A Woman in Charge by Carl Bernstein


  Shortly thereafter, Bill scheduled a prime-time, full-scale news conference, hoping to calm the atmosphere.

  “Have you taken any lessons from this ordeal, whether it’s about the presidency, about the process, about the city, or anything?” he was asked.

  “I think there is a level of suspicion here that is greater than that which I have been used to in the past. And I don’t complain about it, but I’ve learned a lot about it. And that my job is to try to answer whatever questions are out there so I can get on with the business of the country. And I think I’ve learned a lot about how to handle that.

  “I’ve also learned here that there may or may not be a different standard than I had seen in the past, [though] not of right and wrong.”

  The press conference didn’t work.

  Hillary and her advisers decided it was essential for her to have her own press conference, at which she would answer all questions thrown at her. Her $100,000 profit-taking now public knowledge, Bill had agreed to release their tax returns for 1978–1979. The day before her press conference, the latest Los Angeles Times poll showed her approval rating had declined from 56 percent to 44 percent in the three months since January. Bill’s had remained steady at 54 percent.

  “I don’t think she really wanted to do it at the beginning,” said a senior member of her staff, “but it was collectively decided between everybody—the West Wing and the East Wing—that she needed to face the charges. And so we went through this whole thing about trying to put together a press conference, and basically did it in the State Dining Room under the portrait of Lincoln, and she had on this pink suit. That’s why we call it the Pink Press Conference…. And she basically stayed until almost every single last question was answered.” Thirty-four reporters asked questions and follow-ups. All the networks overrode their regular programming to provide live coverage.

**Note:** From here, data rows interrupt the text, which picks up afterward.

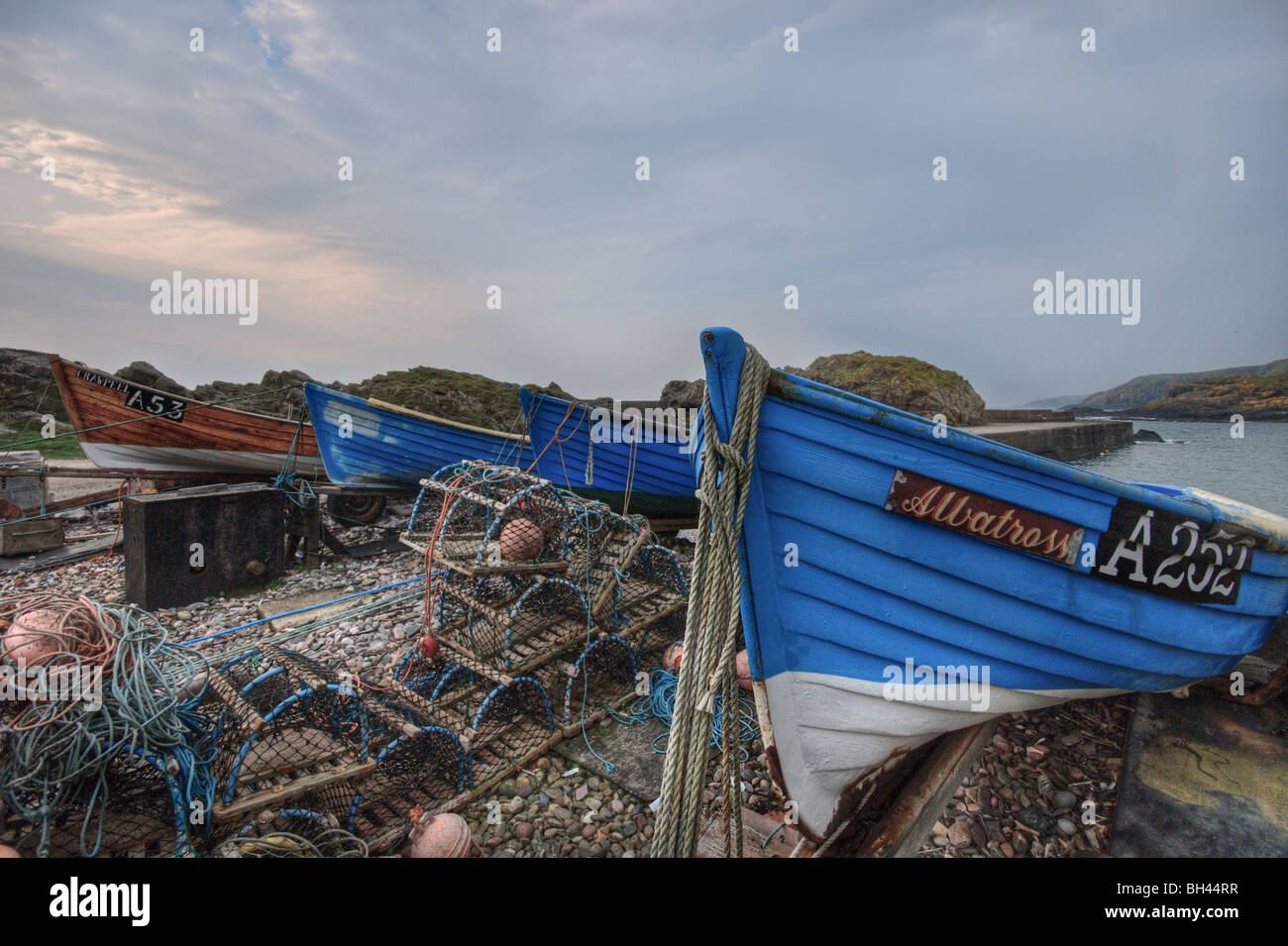 Fisherman boats at little harbour of Cove Bay, Aberdeen Stock Photo Alamy
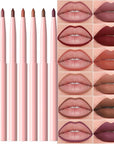 evpct 6Pcs Retractable Lip Liner Pencils Set Pack for Shaping & Sculpting Lips, Mauve Maroon Red Orange Nude Chocolate Dark Brown Plum Creamy Matte Gel Lip Liner Lipliners Pencil delineador de labios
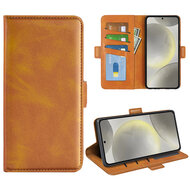 Samsung Galaxy S24 FE Hoesje - MobyDefend Luxe Wallet Book Case (Sluiting Zijkant) - Lichtbruin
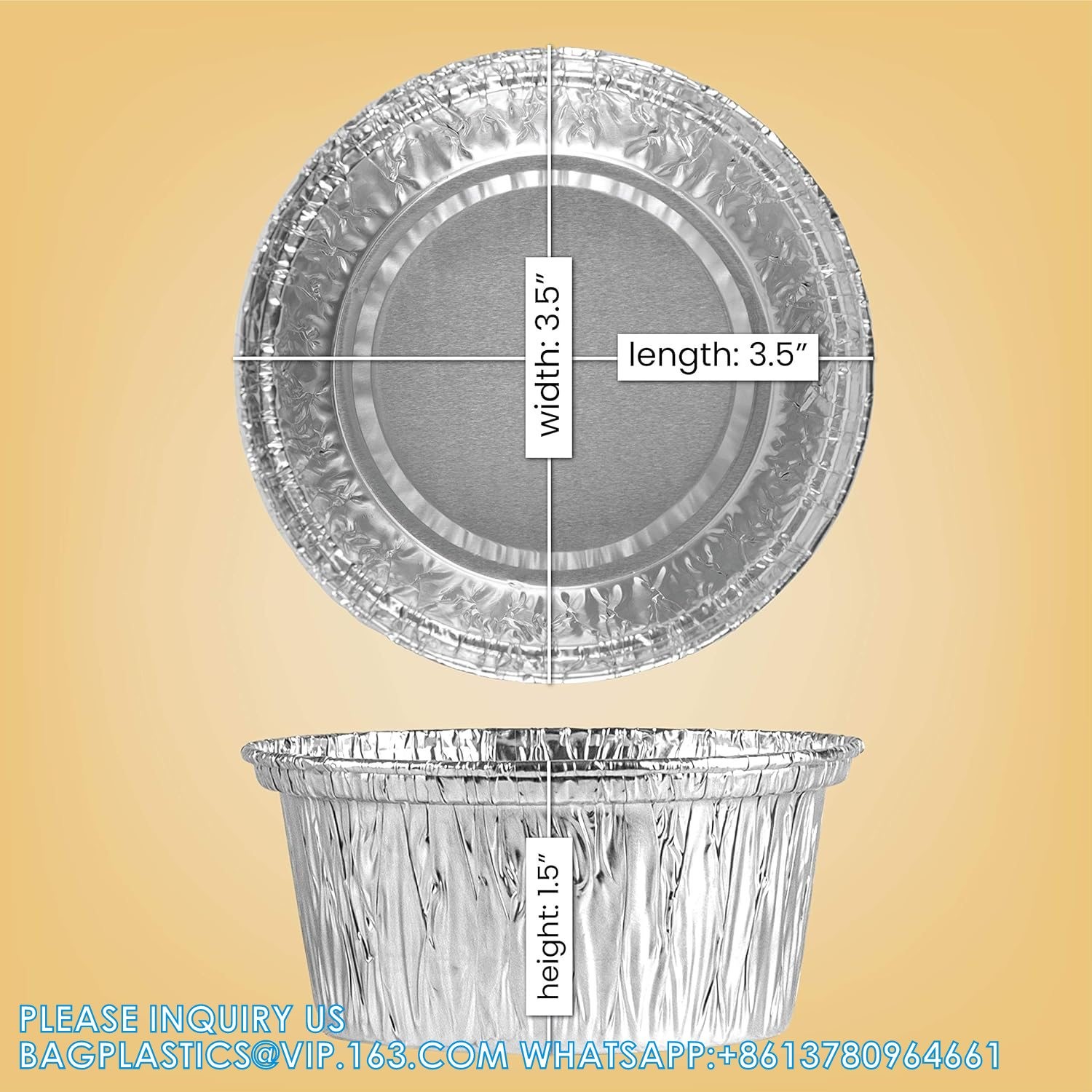 3.5'' Inch Round Ramekins Muffin Cups Tin Foil Cupcake Pans Disposable Aluminum, Freezer & Oven Safe Pack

  Her answer to the first question about the commodities trading—was it hypocritical to condemn the 1980s as the decade of greed while she was milking cattle futures and investing in speculative land?—was classic Hillary-under-pressure: obsequious, well rehearsed, not quite right. There was a faint echo of Richard Nixon in his famous Checkers speech. Hugh Rodham had read his young daughter the stock tables from the Chicago Tribune, she said, and now Hillary carried on the tradition by studying the finance pages with Chelsea. “You know, I was raised to believe that every person had an obligation to take care of themselves and their family,” she said, preternaturally calm. She continued: “I don’t think you’ll ever find anything that my husband or I said that in any way condemns the importance of making good investments and saving or that in any way undermines what is the heart and soul of the American economy, which is risk-taking and investing in the future. What I think we were saying is that, like anything else, that can be taken to excess—when companies are leveraged into debt, when loans are not repaid, when pension funds are raided. You know, all of the things that marked the excess of the 1980s are things which we spoke out against. I think it’s a pretty long stretch to say that the decisions that we made to try to create some financial security for our family and make some investments come anywhere near there…. We obviously wanted enough financial security to send our daughter to college and put money away for our old age and help our parents when we could.”

  Later, she claimed to have been grateful for the questions, so she could put everything out in the open. She was asked if she believed that withholding information had “helped to create any impression that you were trying to hide something.”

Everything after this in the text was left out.